The studio says it would love to extend that testing pipeline to Xbox players eventually. The appetite is clearly there on the developer side, but platform infrastructure appears to be the sticking point for making it happen.
Why it matters for early access players
Experimental branches are a huge deal in early access ecosystems. They let engaged players get hands-on with new mechanics, report bugs, and essentially serve as a first wave of quality assurance before updates hit the broader player base. Steam has supported this kind of opt-in beta system for years, giving PC players a meaningful role in shaping live development.

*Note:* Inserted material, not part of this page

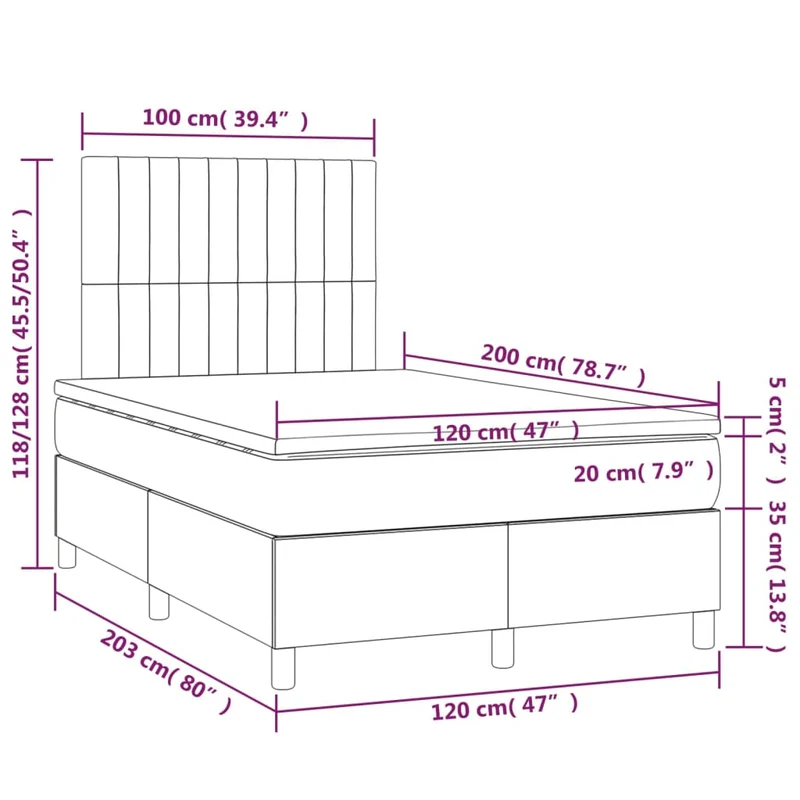 Cadre de lit LED avec sommier tête de lit matelas 120 x 200 cm tissu velours noir TDL0209277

For Subnautica 2, which launched into early access with a lot of buzz around its cooperative survival mechanics, having a robust feedback loop between players and developers is particularly important. The original Subnautica and Below Zero both benefited heavily from community input during their respective early access periods.

An Xbox parity problem
The challenge here isn't a lack of will from Unknown Worlds - it's a platform-level question. Xbox Game Preview is Microsoft's equivalent of early access, but the tooling around experimental or beta branches isn't as straightforward as it is on Steam's PC ecosystem. Getting that kind of granular update testing running on console requires cooperation at the platform level, not just a developer-side toggle.
It's worth noting this isn't a unique problem to Subnautica 2. Plenty of early access titles that ship on both PC and Xbox run into the same asymmetry, where Steam players get a more flexible and reactive testing experience simply because the platform enables it more easily.
What this means going forward
For Xbox players currently in Subnautica 2's Game Preview, the situation isn't dire - they're still playing and influencing development. But Steam players do have a more direct line to cutting-edge builds. Unknown Worlds signaling that Xbox parity is on their radar is a good sign, even if there's no concrete timeline attached to it.
If Microsoft can work with developers to streamline experimental branch support on Xbox, it would be a meaningful improvement to the Game Preview program overall - not just for Subnautica 2 fans.